Hay un poema, “VEDEM”, donde se expone la dificultad, la imposibilidad, de hablar de esos tiempos, “Jamás entenderán nuestros poemas”, y se resuelve, magníficamente, mediante una concatenación de metáforas y la repetición. La incapacidad para expresar como propia la experiencia del horror, lo que sería impostura, adopta la vía indirecta de personificar los poemas como carne de víctima. “Nuestros poemas hieden a orín y heces”, “tienen la piel cuarteada”, “nuestros poemas son austeros”, “nuestros poemas tienen las sílabas raídas”, “nuestros poemas muerden como perros mendigos”. Escribir sobre la vida inhumana, en el sentido literal de la palabra, la animalización primero, la cosificación después de la identidad humana, y hacerlo con versos hermosisimos jalonados de trallazos que conmueven: “Van a morir muy pronto, pero aún no lo saben”.
En todo este relato se intercalan temas recurrentes, Pandora, Prometeo, Epimeteo, Pirra y Deucalión, como un recordatorio clásico.
Pero nada serían estos “Poemas a quemarropa” sin ese lenguaje poderoso, sin la tensión incesante con que fueron escritos y los leemos: “Pensaba si en las sombras poderosas, si en las amargas lágrimas preciadas, si en las tristes caricias ensoñadas más belleza no habría que en las rosas”. Con esa osadía a la que me refería antes de las rimas internas en consonante.

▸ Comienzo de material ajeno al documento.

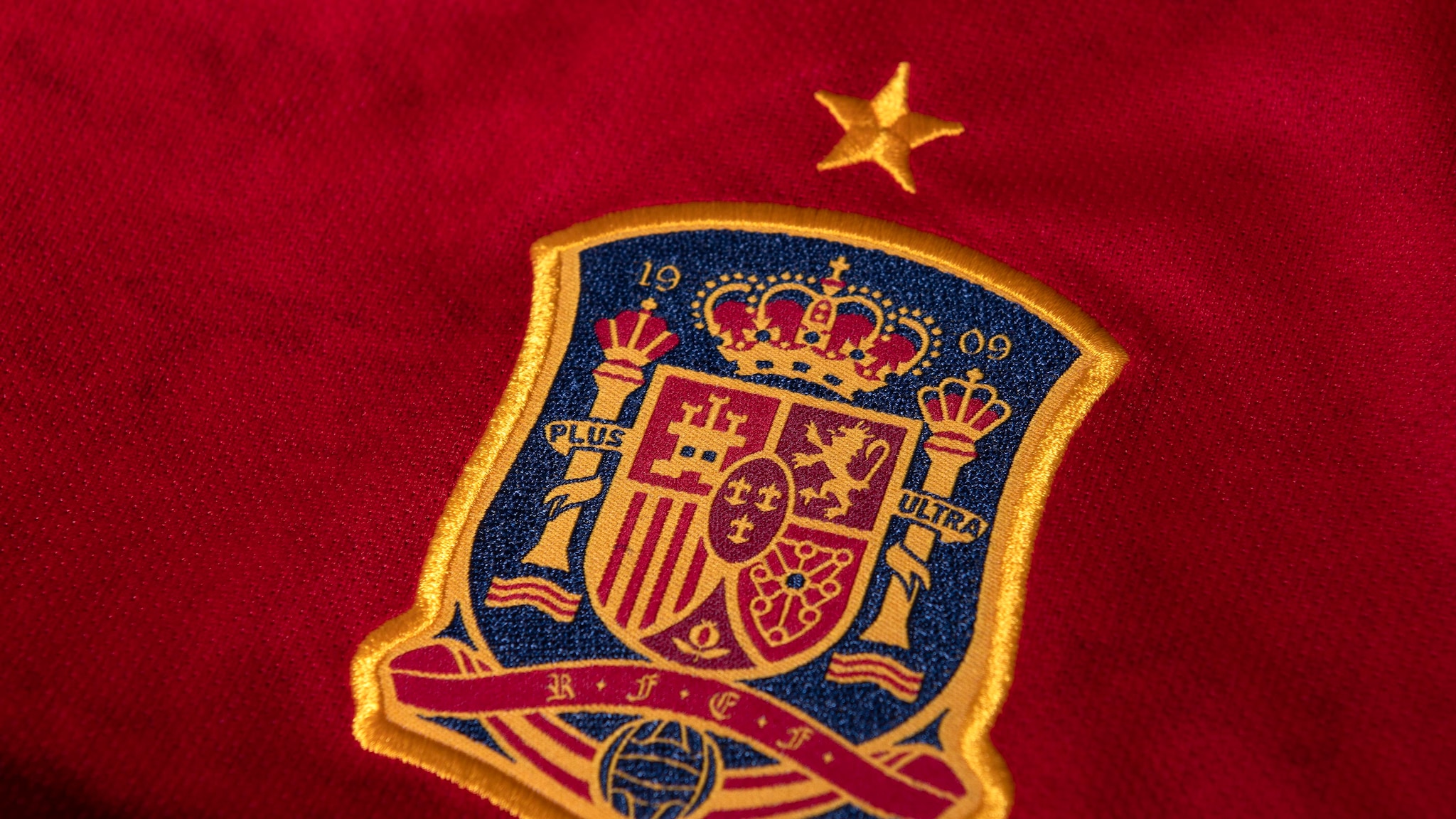 15 giocatori si dimettono dalla nazionale spagnola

Cierran el libro dos textos imprescindibles para entrar en la profundidad del poemario. “Auschwitz vía Terecín”, donde Alfonso Salazar entra en la deshumanización, más cruel que las torturas o la muerte, en la filosofía de Auschwitz y los otros campos. Y las notas de Friebe sobre cada uno de los poemas, el ambiente y la circunstancia que los motivó, enriquecen y nos acercan, aún más, al espíritu que encierra todo el libro.